Copy out the data from the line containing "Aluminium Transportkoffer Case" to its last line, exactly. No pictures.

### Source material
****
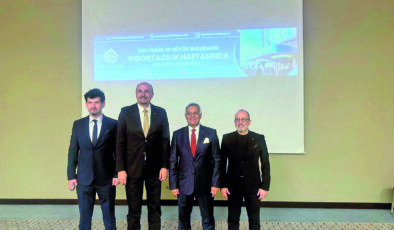 “Sigortasız yaşam modern dünyanın dışında kalmaktır”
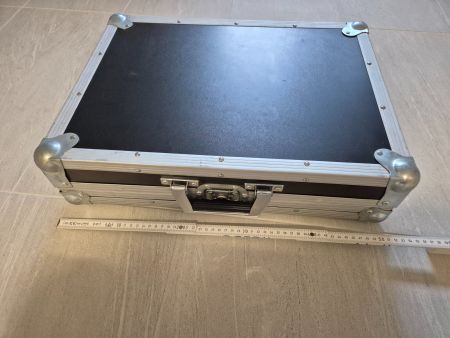 Aluminium Transportkoffer Case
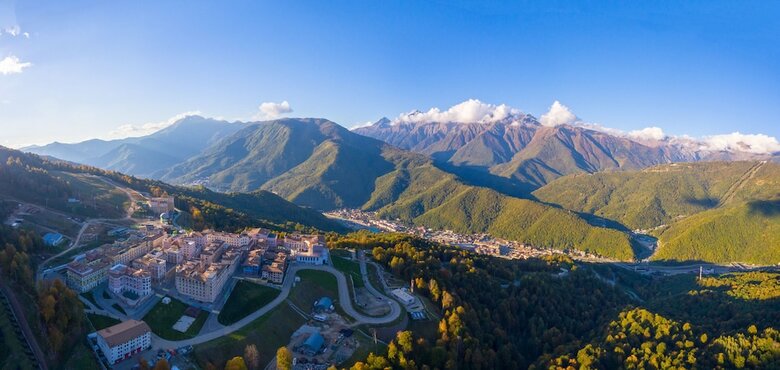 Hotel Rixos Krasnaya Polyana Sochi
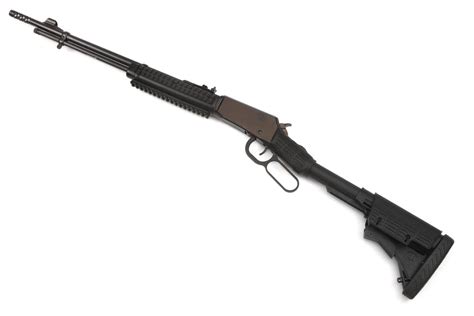 Mossberg 464 SPX Tactical Lever Action Rimfire Rifles 22lr AWM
****
### Answer below
 Aluminium Transportkoffer Case
 Hotel Rixos Krasnaya Polyana Sochi
 Mossberg 464 SPX Tactical Lever Action Rimfire Rifles 22lr AWM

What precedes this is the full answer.